There are British staff officers who would not mind pulling a correspondent’s leg on a summer day; though, perhaps, it was really the Germans who pulled ours, in this instance. Somebody did remark at some headquarters, I recall, that “You never know!” which shows that staff officers do not know everything. The Germans possess half the knowledge—and they are at great pains not to part with their half.
We proceeded in our car along country roads, quiet, normal country roads off the main highway. It has been written again and again, and it cannot be written too many times, that life is going on as usual in the rear of the army. Nothing could be more wonderful and yet nothing more natural. All the men of fighting age were absent. White-capped grandmothers, too old to join the rest of the family in the fields, sat in doorways sewing.
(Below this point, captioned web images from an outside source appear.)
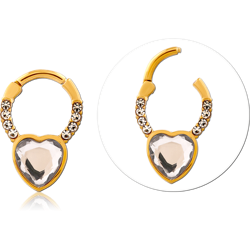 GOLD PVD COATED SURGICAL STEEL GRADE 316L JEWELED HINGED SEGMENT RING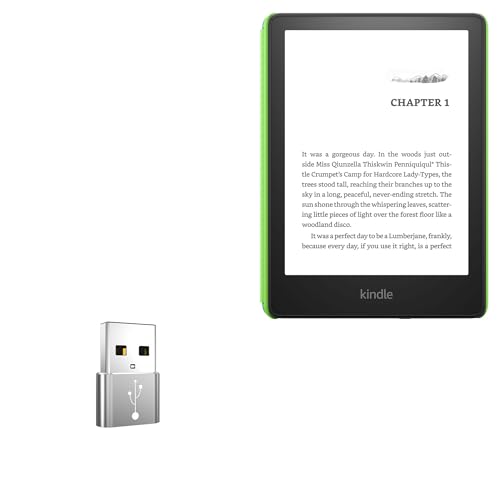 BoxWave Adapter Compatible with Amazon Kindle Paperwhite Kids - USB-A to C PortChanger (5-Pack), Type-C OTG Convert Charging Data Adapter - Metallic Silver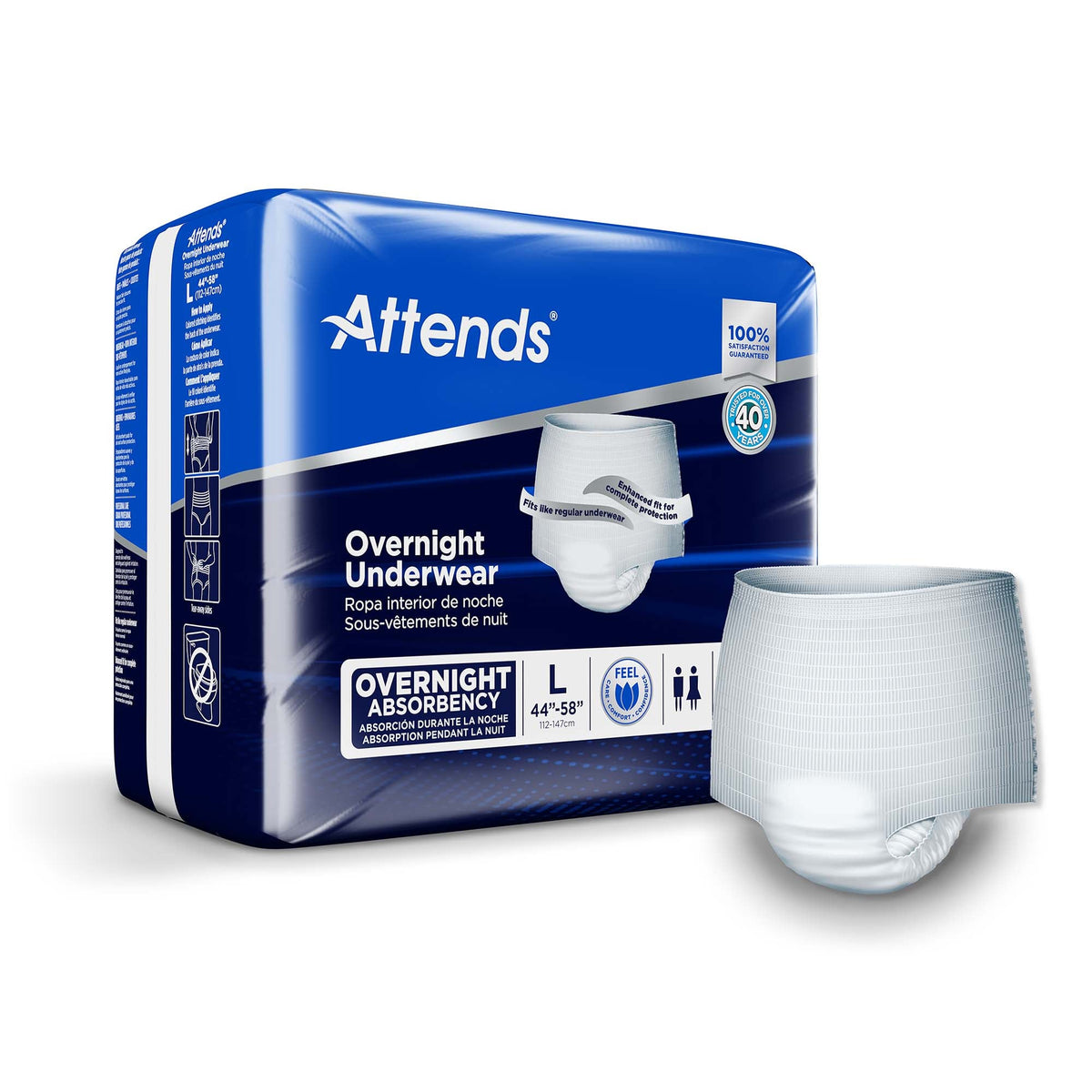 Attends® Overnight Underwear with Extended Wear Protection, Large, CS/56
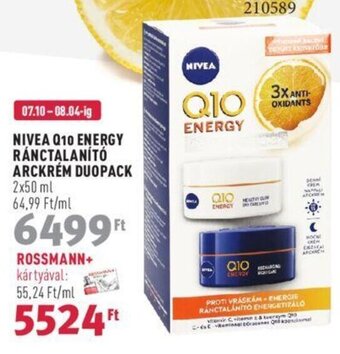 Rossmann NIVEA Q10 ENERGY RÁNCTALANÍTÓ ARCKRÉM DUOPACK 2 x 50 ml ajánlat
Everybody was at work and the crops were growing. You never tire of remarking the fact. It brings you back from the destructive orgy of war to the simple, constructive things of life. An industrious people go on cultivating the land and the land keeps on producing. It is pleasant to think that the crops of Northern France were good in 1915. That is cheering news from home for the soldiers of France at the front.
At an indicated point we left the car to go forward on foot, and the chauffeur was told to wait for us at another point. If the car went any farther it might draw shell-fire. Army authorities know how far they may take cars with reasonable safety as well as a pilot knows the rocks and shoals at a harbour entrance.